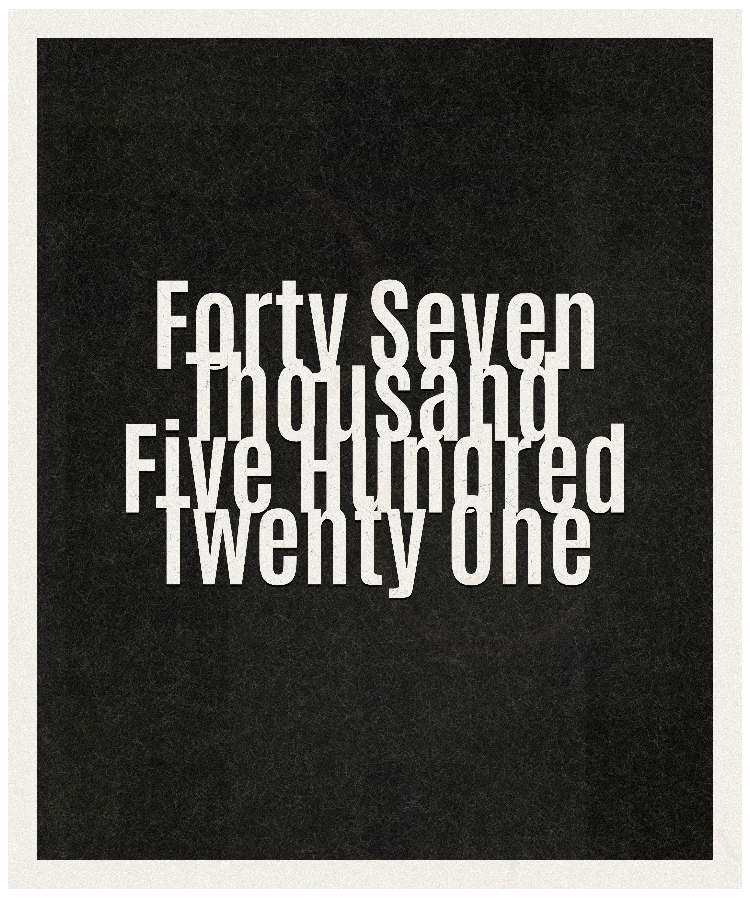 Count #47521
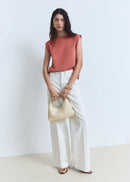 MANGO MAREA 87085752-74 MANGO WOMEN T-SHIRT SHORT SLEEVE-2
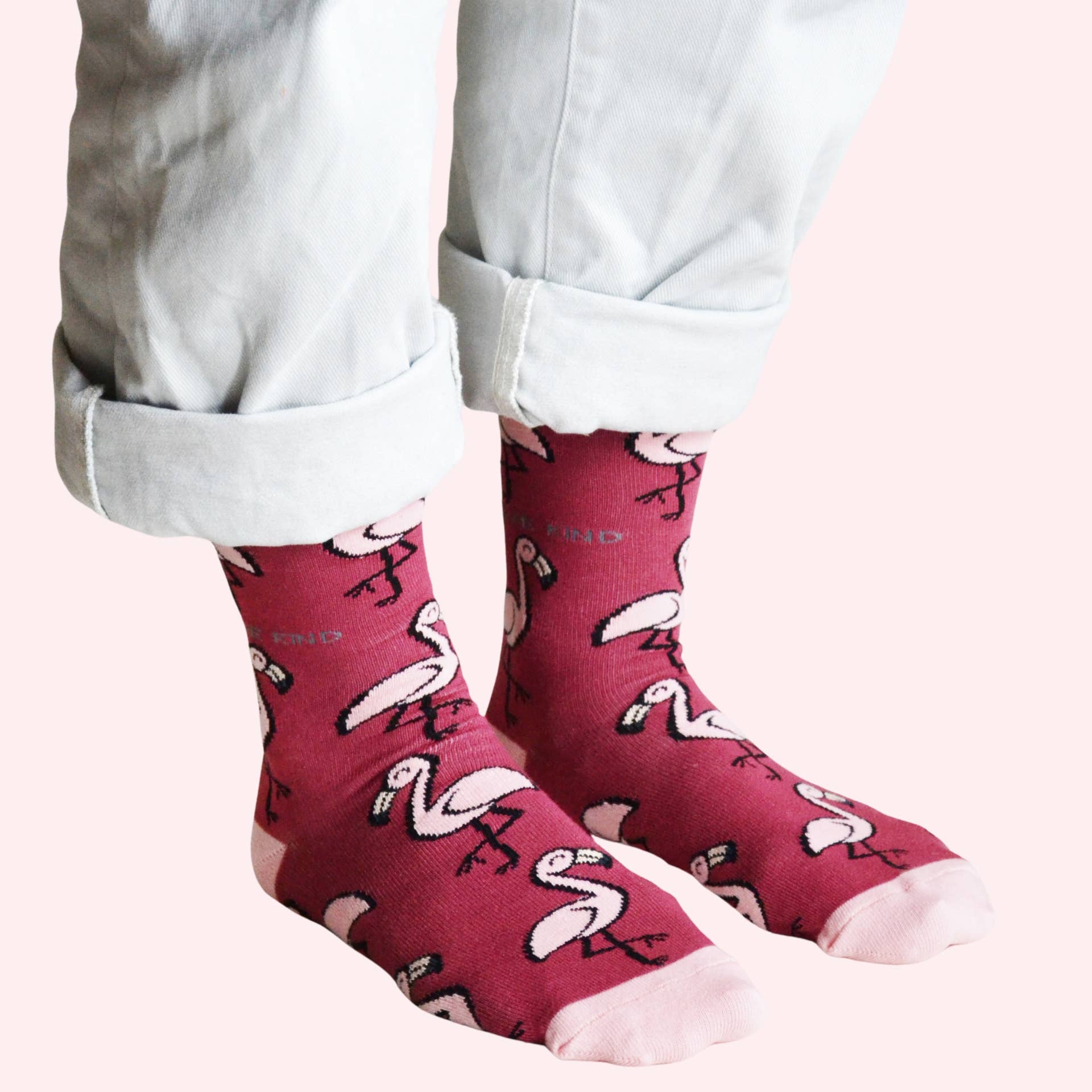 Bare Kind Socks - Wholesale Socks - Unisex - Flamingo Socks | Bamboo Socks | Red Socks | Africa Socks4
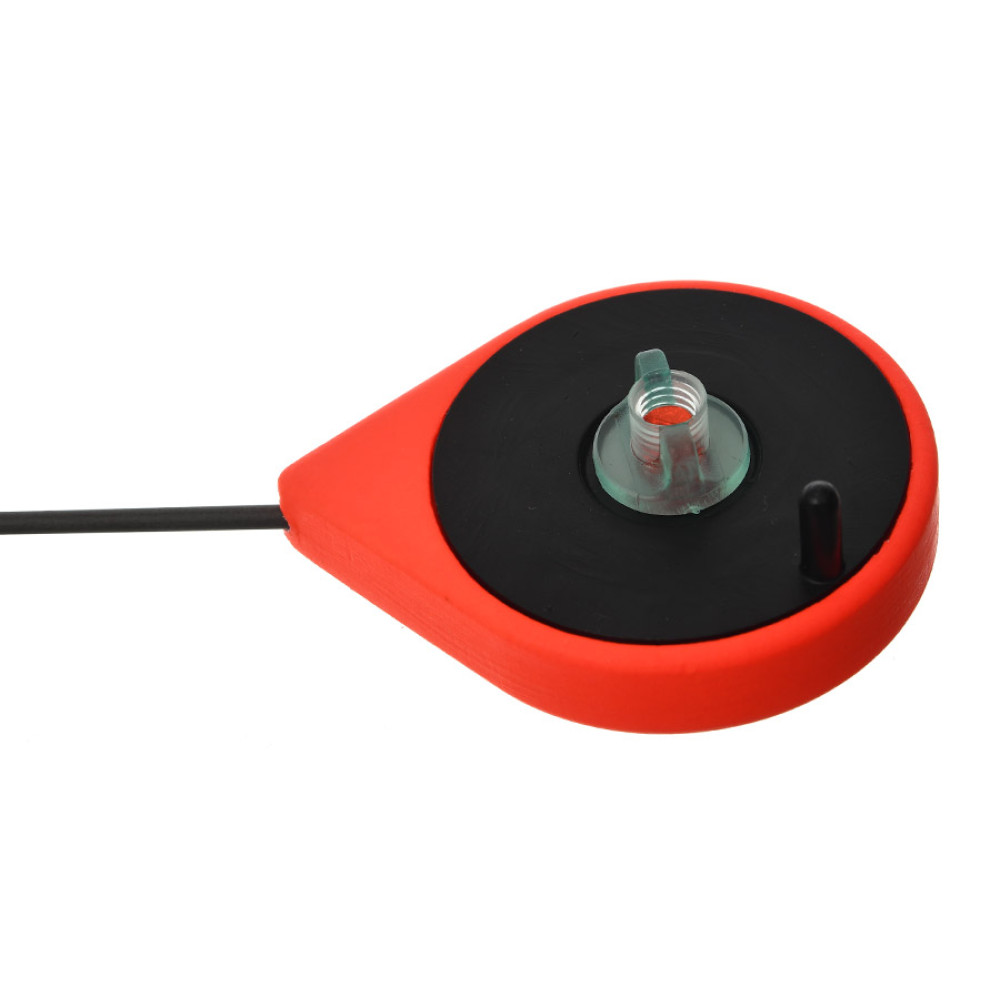 Вудлище зимове "балалайка" піна-спорт, карбон.хлист,лавсанові вставки, червона, USP-R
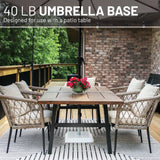 US Weight New 40 Pound Umbrella Base With Stem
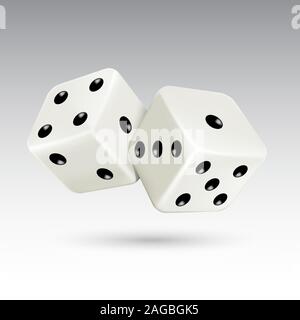 Würfel. Vector Illustration Stock Vektor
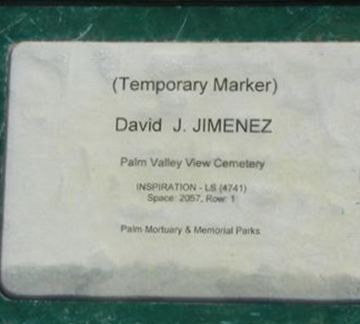 David J. Jimenez on Sysoon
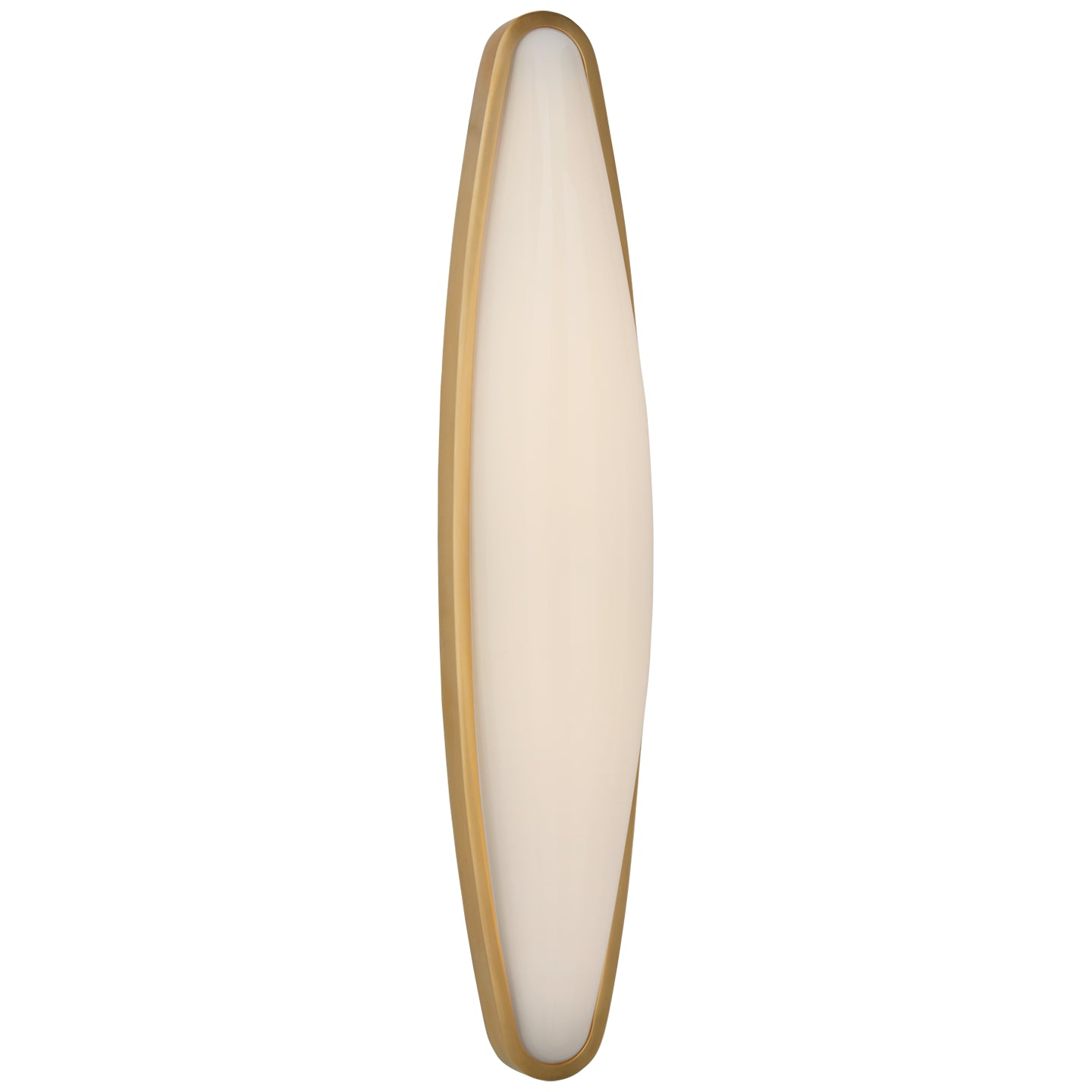 Visual Comfort Signature - ARN 2401HAB-WG - LED Bath Sconce - Ezra - Hand-Rubbed Antique Brass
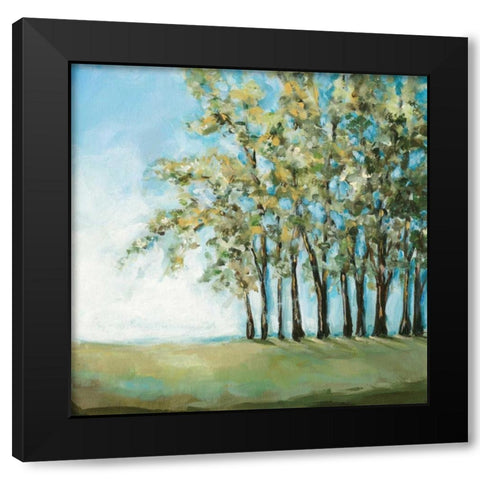 Tree in Summer Black Modern Wood Framed Art Print by Long, Christina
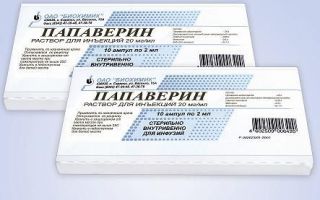 Папаверин в ампулах: инструкция к использованию препарата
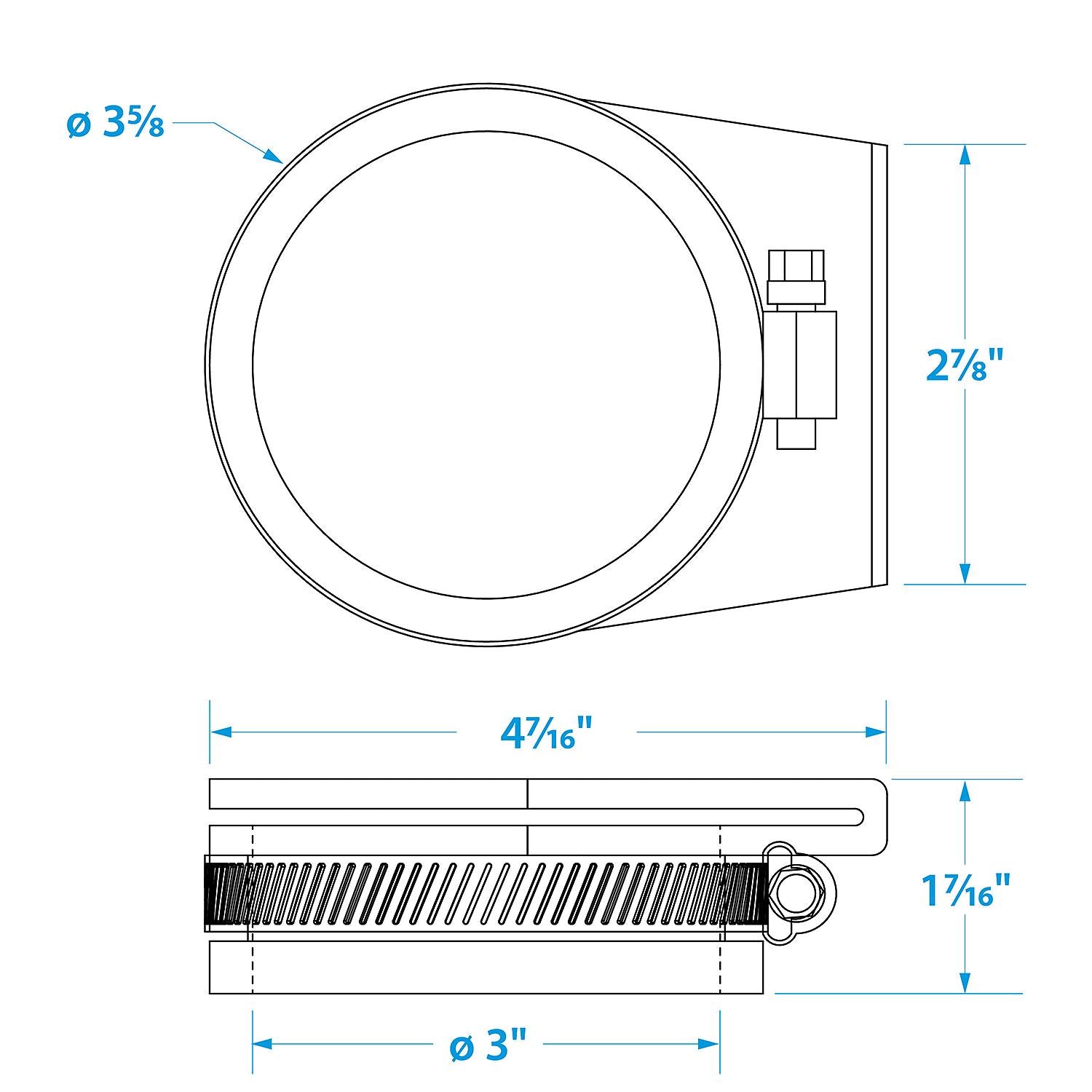Seachoice Exhaust Guard Covers (2 Per Pack)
--------------------------------------------------
**Problem:** Nothing but the lines from the one containing "Bare Kind Socks" through the last line of the listing should be copied, each word for word and without pictures.

**Task answer:**
 Bare Kind Socks - Wholesale Socks - Unisex - Flamingo Socks | Bamboo Socks | Red Socks | Africa Socks4
 Вудлище зимове "балалайка" піна-спорт, карбон.хлист,лавсанові вставки, червона, USP-R
 US Weight New 40 Pound Umbrella Base With Stem
 Würfel. Vector Illustration Stock Vektor
 David J. Jimenez on Sysoon
 Visual Comfort Signature - ARN 2401HAB-WG - LED Bath Sconce - Ezra - Hand-Rubbed Antique Brass
 Tree in Summer Black Modern Wood Framed Art Print by Long, Christina
 Папаверин в ампулах: инструкция к использованию препарата
Seachoice Exhaust Guard Covers (2 Per Pack)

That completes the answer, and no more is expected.